Inclusivity, power-sharing, between the Centre and periphery, and the deepening of democracy are imperative. But this cannot be done patronisingly. The majority which confers rights on a minority remains dictatorial, an overlord. The majority which self-effaces everywhere except in the matter of seats in an elected house of representatives is democratic, is republican.

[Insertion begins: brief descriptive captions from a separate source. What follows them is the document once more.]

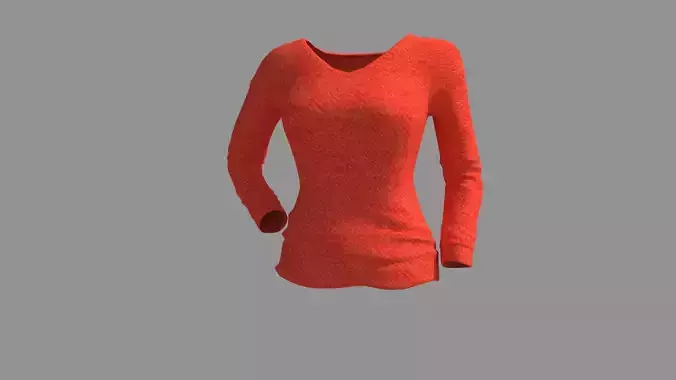 Women Long Sleeve V Neck T-Shirt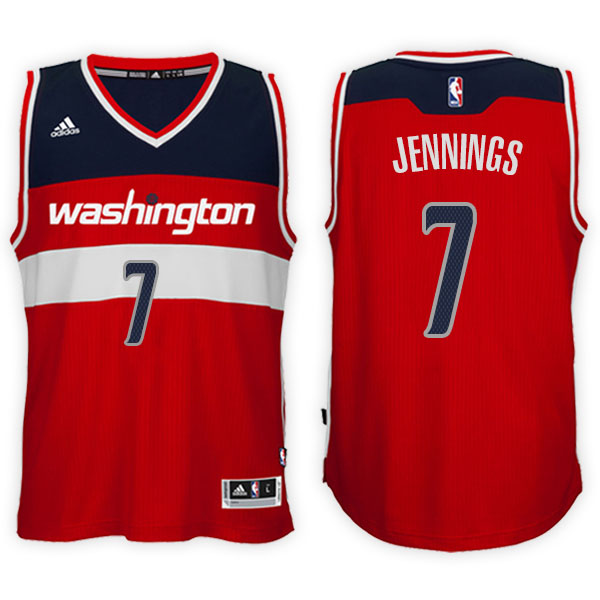 Men's  Brandon Jennings Washington Wizards Alternate Adidas Swingman Red Jersey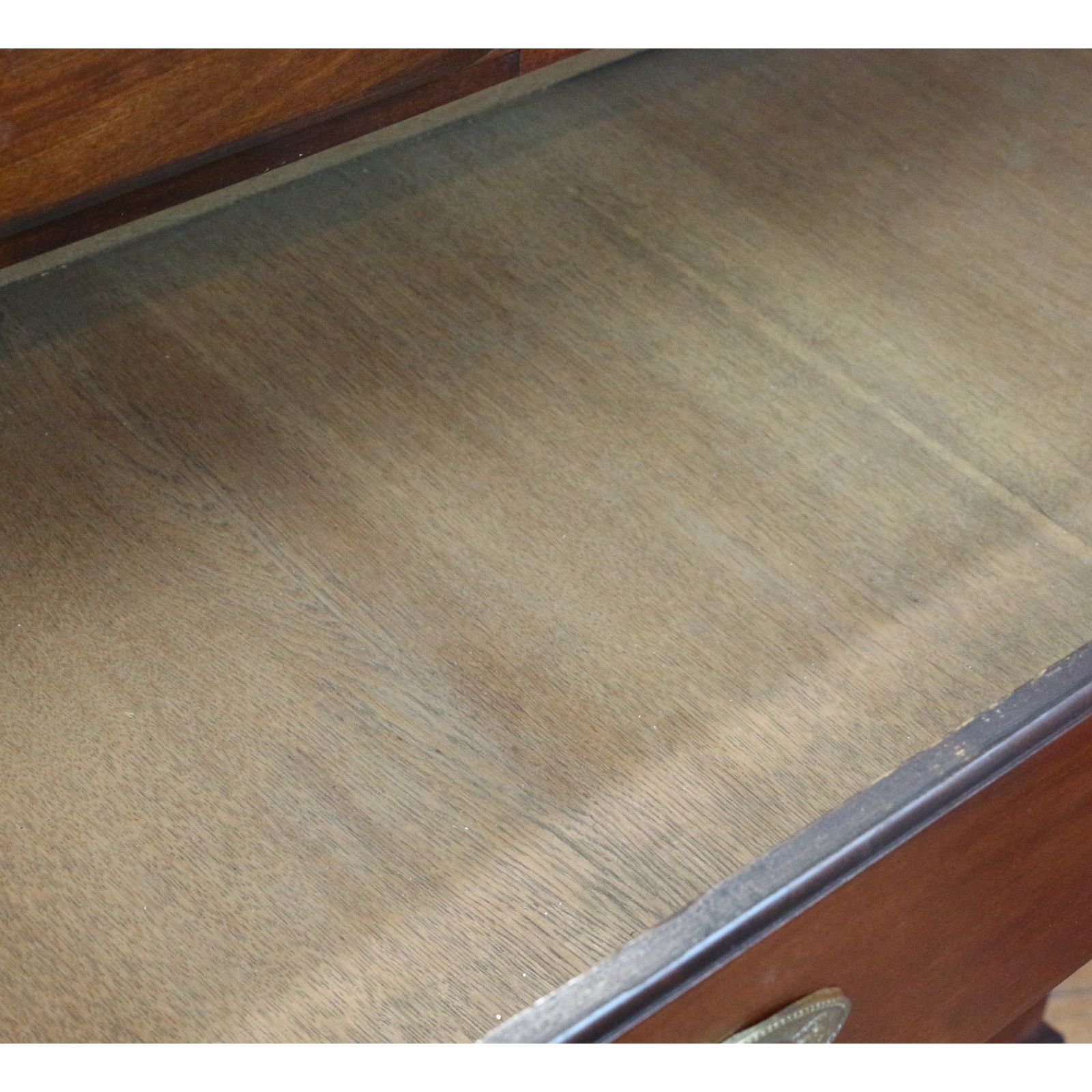 photo for sale A Large Georgian Oak & Mahogany Two Over Four Graduated Chest Of Drawers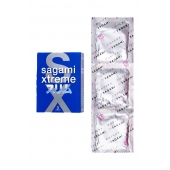 Розовые презервативы Sagami Xtreme FEEL FIT 3D - 3 шт. - Sagami - купить с доставкой в Одинцово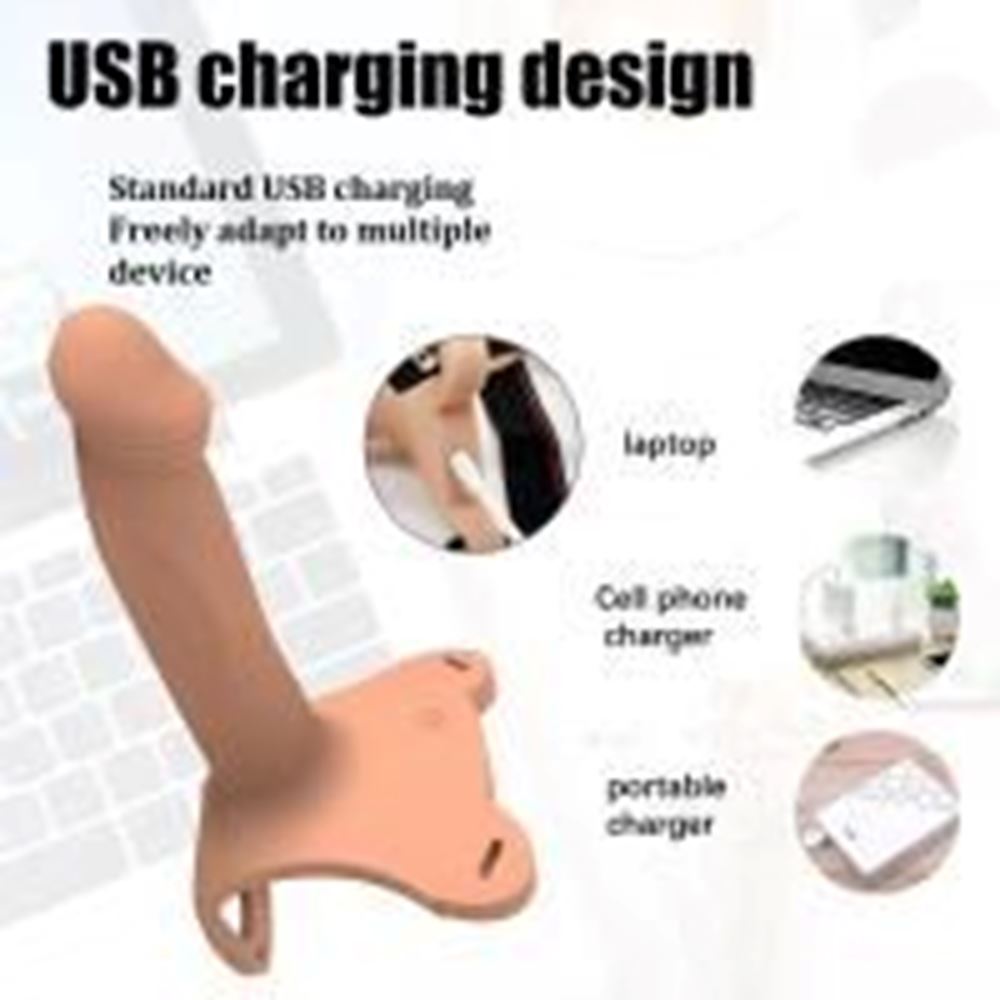 BDR-D3006 Kablosuz Kumandalı Şarjlı Ultra Yumuşak Dokulu İçi Boş Belden Bağlamalı Realistik Vibratör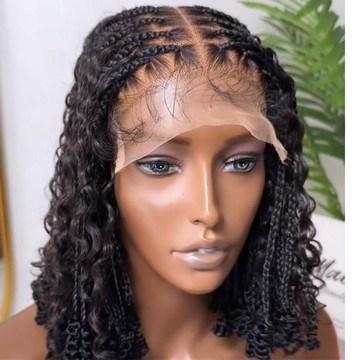 Ready to Shop Braided Boho knotless braided wig, goddess braids, braided wig,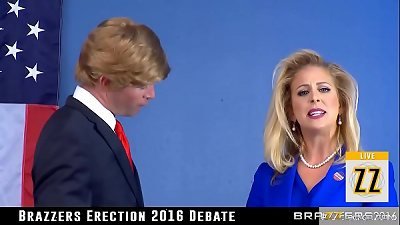Donald Drumpf tears up Hillary Clayton during a discussion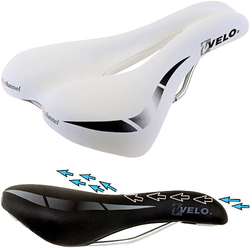 Sattel Velo Damen, Wide:channel, weiß - Produktbild - 1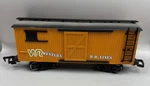 New Bright Train Freight Car Scale From The Denver Express Line 1998 Orange. Fixed Price $14.44.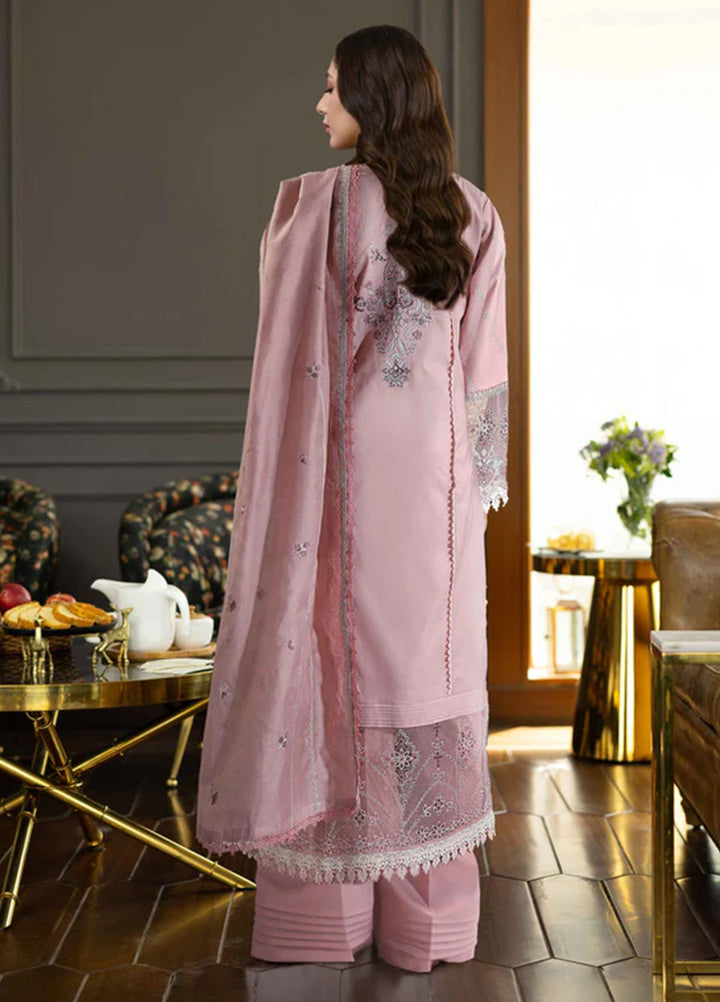 Florent Embroidered Lawn Suits Unstitched 3 Piece FL25EF FL-5 B - Summer Collection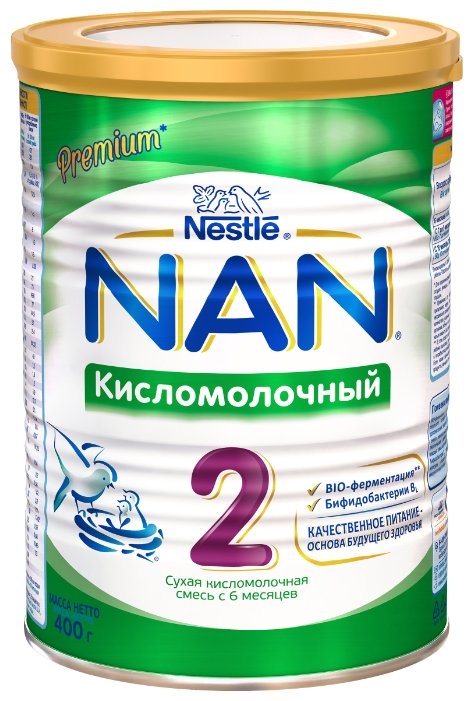 Смесь NAN (Nestlé) Кисломолочный 2 (с 6 месяцев) 400 г (фото modal 1)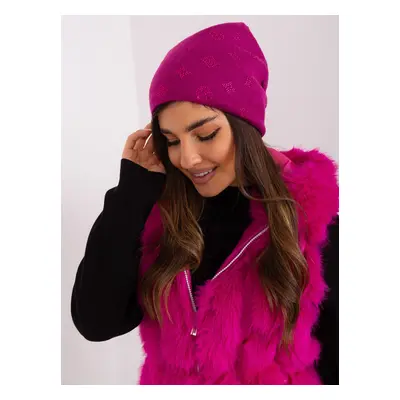 Fuchsia women's winter hat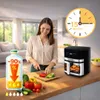 Heißluftfritteuse 5 L 1400 W 8 Programme Touchdisplay Produktbild-Vorschau 6
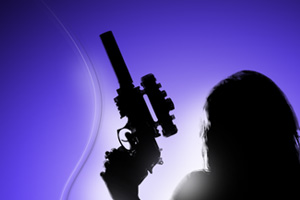 Bad Girl Silhouette - Skuggsilhuett med spotlighteffekt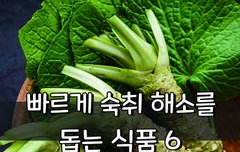 [좋은글] 빠르게 숙취 해소를 돕는 식품 6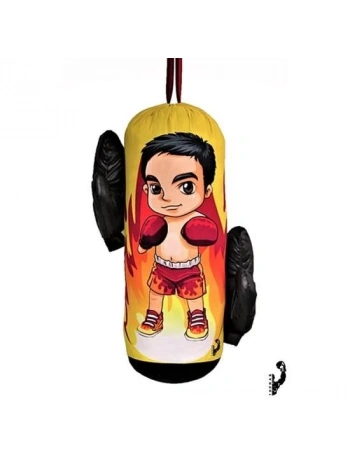 Çocuk Boks Kum Torbası Eldiven Dahil 2-6 Yaş Boksör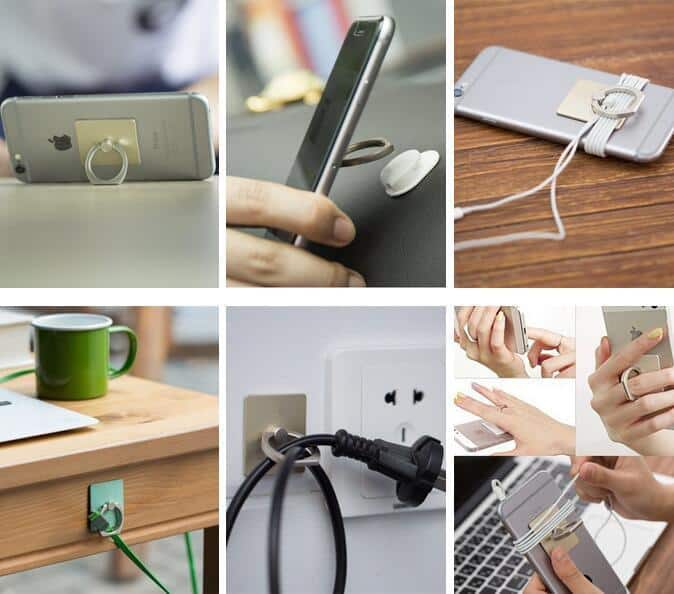 Universal Ring Holder til Smartphone/Tablet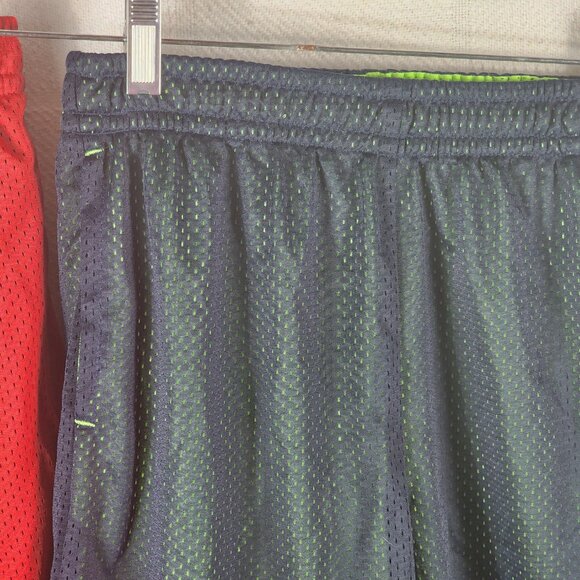 Athletic Works Poly Lined Mesh 2pk Blue/Green Red/Black Shorts Size XL 14-16 - Picture 6 of 16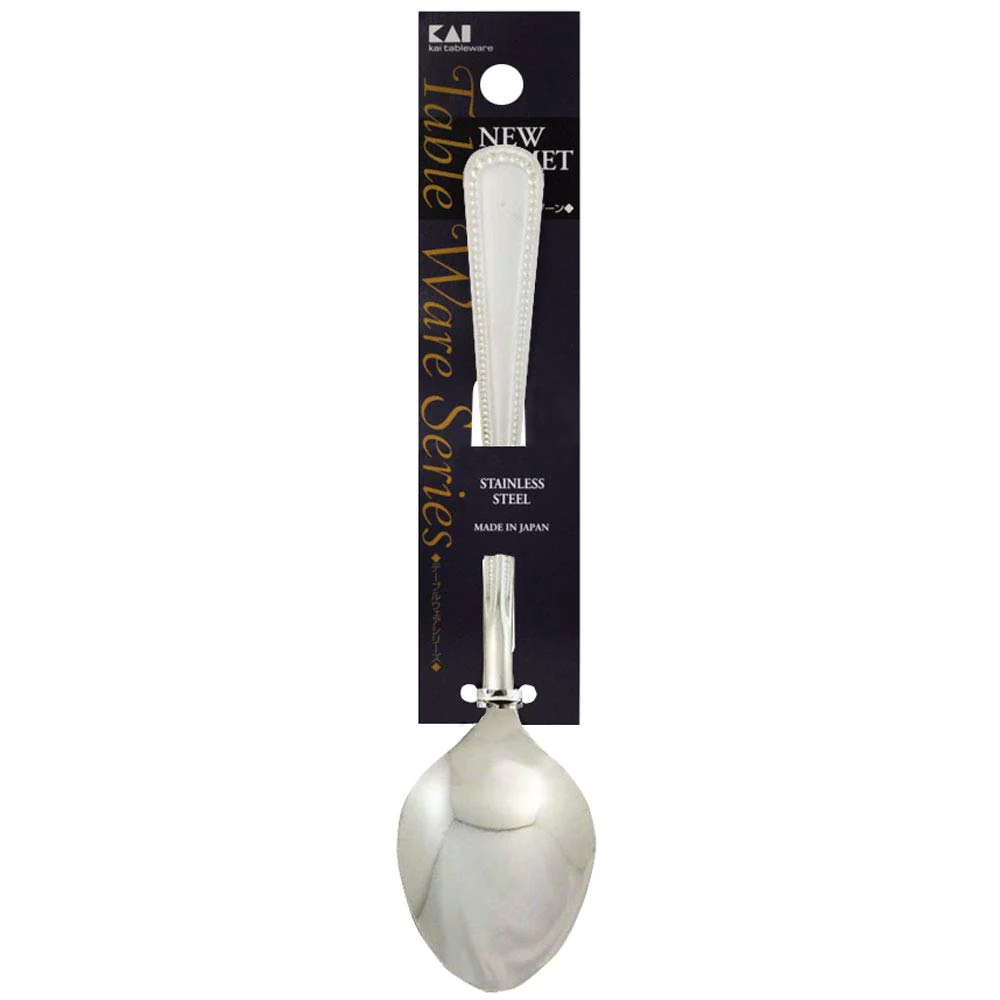 KAI New Comet Dessert Spoon (Set of 6) Made in Japan (000FA0702) - Image 7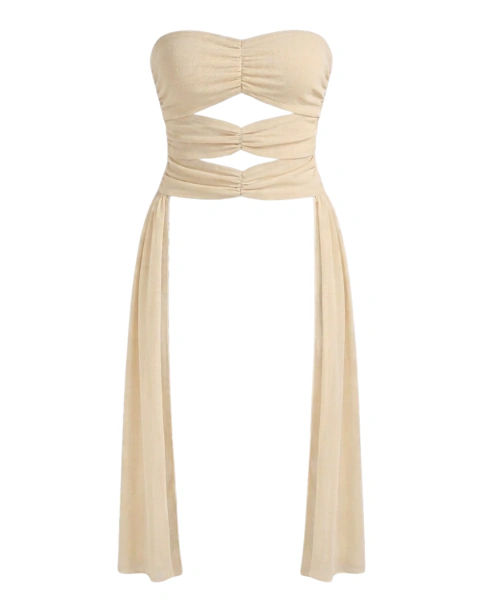 Top Aurélia - Tomara que Caia Drapeado Off-white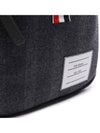 Diagonal Stripe Strap Camera Cross Bag Medium Grey - THOM BROWNE - BALAAN 7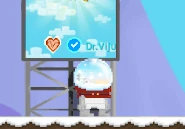 A player wearing the Snowglobe Head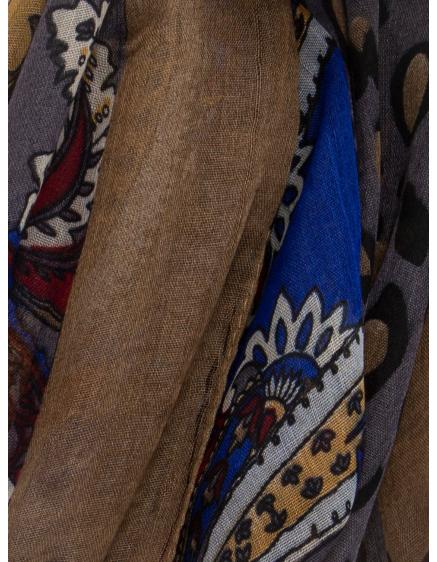 Női nyomtatott sál MELOA szürke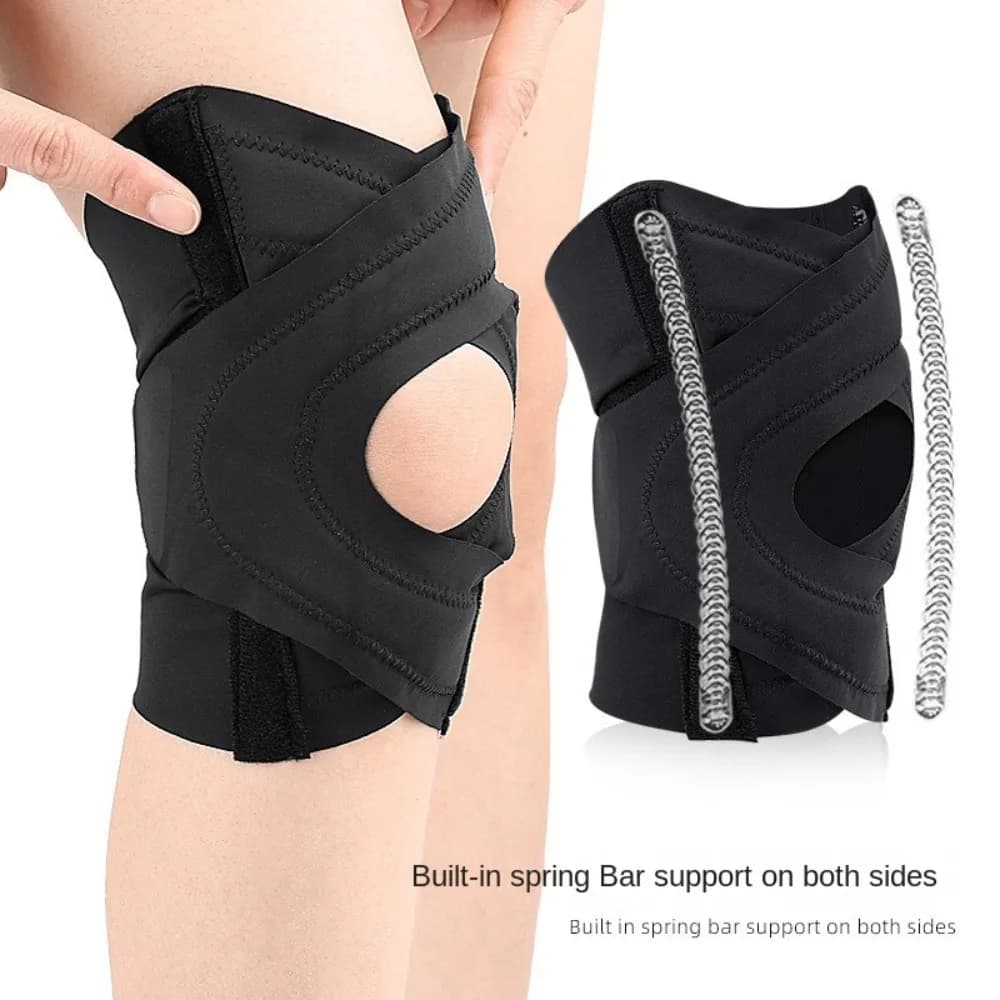 Ginocchiera Sportiva Elastica Traspirante con Cinturino Regolabile per Protezione e Sicurezza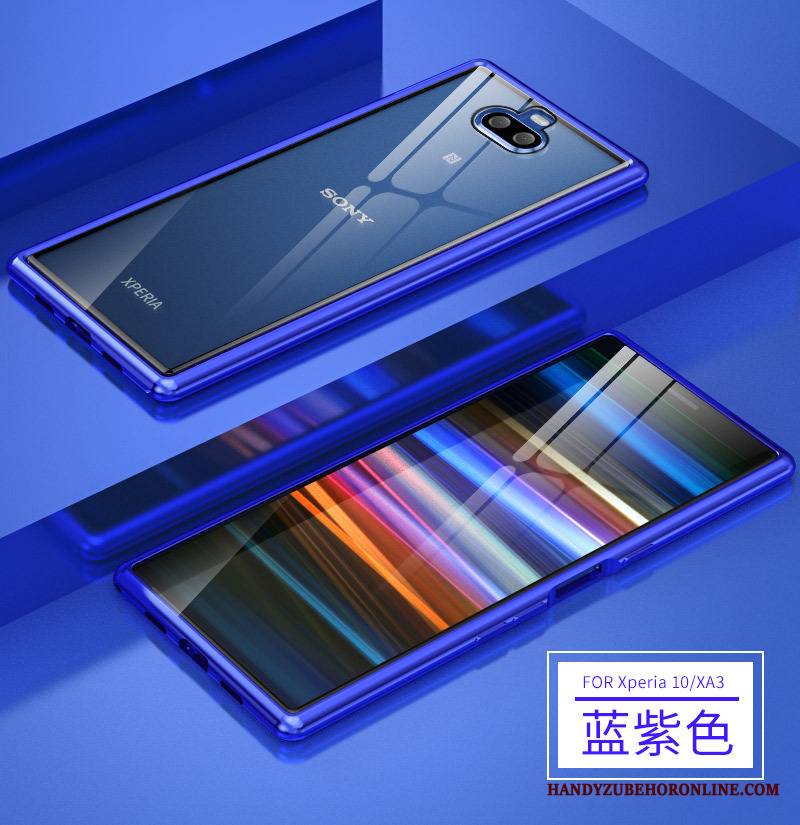 Sony Xperia 10 Plus Futerał Ochraniacz Anti-fall Granica Etui Metal Etui Na Telefon Fioletowy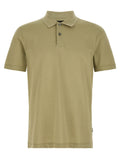 Beige Cotton Polo Shirt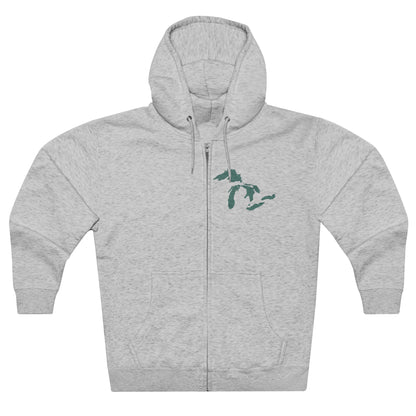 Great Lakes Hoodie (Copper Green, Mini) | Unisex Full Zip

Inclusion is about more than tolerance, accommodation. It is even more than respect. It is about a celebration of the other, pride in the other. Politics becomes, then, a matter of culture, civilisational culture. Why should more Sinhala Sri Lankans not see and share the wisdom of Colvin de Silva’s famous all-time utterance, “One language, two countries; two languages, one country”? And N.M. Perera’s equally famous scoffing at the idea of “one superior race”?
Ethnic fairness is not a one-way street
But ethnic fairness is never a one-way street alone. Nelson Mandela said famously, “I am against White racism”. There was no big deal to that. But he also added the very next moment, “I am also against Black racism”. That was a big deal, a very big deal. If the Sri Lankan Tamil were to say, “I am against Sinhala racism,” there would be no big deal. But if he were also to say …and I am against Tamil racism,” a huge difference would be made to trust and trusting.
The Sri Lankan Muslim and the Sri Lankan Christian also need reassurances of trust, as does the plantation Tamil, especially the Tamil tea-plucker, whom Professor Suryanarayana has characterised as Sri Lanka’s ‘Cinderella’, and, I must add, the unaffiliated Sri Lankan dissenter and the independent Sri Lankan iconoclast as well. The transition in Tamil Sri Lankan positions from constitutional reform via constitutional means to separatism via violent means to an Eelam via terrorism was thought irreversible. That has changed. Negotiated change is now back on the table. It must not slumber there. Vengeance is waiting to see how reform fares. Not just Sri Lanka but the whole of South Asia and in fact liberalism and pluralism everywhere require the success of the Government of National Unity’s endeavours, for this opportunity, if lost, is unlikely ever to come again.
I believe the opportunity has not come only to be lost. This island is not Serendib for nothing. An island is a small continent, a continent only a large island. Let no one think of Sri Lanka as a small island. In what it has done over the last year and more for building trust between communities and political groups, in cutting egos and trimming pride, it has shown itself to be large, larger than many a large country, including India. An island of discord for decades, Sri Lanka has become an island of hope and must become a continent of trust.
(Gopalkrishna Gandhi is distinguished professor of history and politics, Ashoka University. This article is from a keynote address delivered at an event to mark the completion of the first year of the Government of National Unity, in Colombo on January 8.)